For Christians the change must involve Jesus Christ, and that is fully reflected in the work of the new scholars. A "Third Quest" for the historical Jesus, as scholars refer to it,
3
has been under way since the late twentieth century, with special urgency since 1980. Qumran discoveries, further studies of the Dead Sea Scrolls, archaeological explorations, and the application of modern anthropological analysis to first-century Galilee and Judea have led to major revisions of assumptions about Jesus and the movement he inspired. The Jesus Seminar, led by John Dominic Crossan and Robert Funk, involving a score or more of scholars meeting regularly since 1985, has questioned the historicity of much of the information provided about Jesus in the Gospels. Not only are his miracles questioned, but so are his claim to be the Messiah and much of what he is reported to have said. The litmus test of assertions about Jesus has become their relationship to the overriding issue of the hatred of Jews.

Some scholars find reasons to imagine Jesus as a peasant revolutionary, as a prophet come to obliterate male dominance, as a wandering sage who preached a universal and subversive equality, as a divine agent announcing the imminent End of Days.
4
Much of recent Jesus research is greeted skeptically by more traditional scholars. Raymond Brown, for example, who among Roman Catholics was perhaps the most widely respected New Testament expert of the late twentieth century, responded sharply. "Those who advance such views of Jesus often claim they are trying to reshape Christian belief and proclamation. More bluntly, however, their views of Jesus would make traditional Christian belief illusory and traditional proclamation irresponsible."
5
But isn't "traditional proclamation" the issue here? The scholars have their arguments, Crossan and Brown in particular. A key question divides them, and we will return to it. The Jesus Seminar is mocked by its critics because of a penchant for calling news conferences, peddling its radical critiques in the popular media. Scholars wince, but the popular media are what the rest of us read and see. We are the ones whose attitudes about Jesus, and therefore about "the Jews," have done so much to shape (and misshape) history.
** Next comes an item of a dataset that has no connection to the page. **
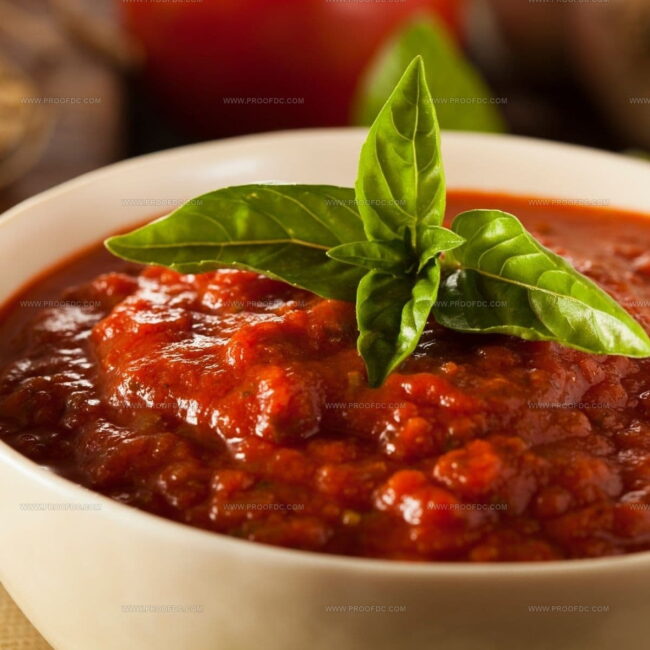 Marinara Sauce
Are ordinary believers worthy of the insights of scholarship? Will we be scandalized, for example, by the suspicion that Jesus—in his interior life and in his observances; in his preaching, even, and in his death—really was a Jew?
6
Can the Christian imagination envisage Jesus as the Jewish artist Marc Chagall did in his
White Crucifixion,
as a crucified figure saved from the indignity of nakedness not by a loincloth but by a
tallit,
the fringed shawl worn by a Jew while praying?
7
If Jesus were alive today, would he be one of those fervent black-hatted figures davening at the Western Wall?
8

In other words, what if Jesus was really a Jew from beginning to end? What if that was the single large conclusion of all the work of history, archaeology, anthropology, and cultural analysis? To repeat Susannah Heschel's question, Would "the foundation of Christianity as a distinctive and unparalleled religion [be] shattered?" Heschel was writing of the nineteenth-century Christian urge to "demonstrate a difference," but don't the origins of this problem rest with those first-century "Christians" acting on the same impulse?
9

The most radical and precedent-setting critique of that first-century impulse, at least as written by a Christian, was offered in 1974 in
Faith and
Fratricide: The Theological Roots of Anti-Semitism,
by the Catholic feminist theologian Rosemary Radford Ruether. That Jesus was proclaimed early on as the Messiah of Israel, opposed by the forces of evil yet victorious over those forces, required a reading of the Torah that not all agreed with. For example, some groups of Jews, like the Pharisees, gave little or no emphasis to messianic expectation, so that when Jesus was proclaimed as a Messiah, instead of as, say, a teacher, such groups were inevitably alienated. Those who declined to assent to a messianic reading of the tradition were quickly placed in the story as embodiments of the evil forces, and in the story they were designated as "the Jews." Thus a later dispute involving a telling of the original Jesus story led to a recasting of that story. The religious claims made for Jesus required a set of villains to reject those claims, and this was a role for which the religiously detached Romans were unsuited. A religious rejection of Jesus by his own people—"his own people received him not"
10
—became an essential note of the theology, or Christology, implied in the messianic proclamation. So for Ruether, "the left hand of Christology"
11
is a rejection of Judaism, particularly its way of reading the Scriptures. That rejection amounts to an act of revenge for "Judaism's" prior rejection—not of Jesus but of the story told about him. Christology itself is a source of Christian contempt for Jews.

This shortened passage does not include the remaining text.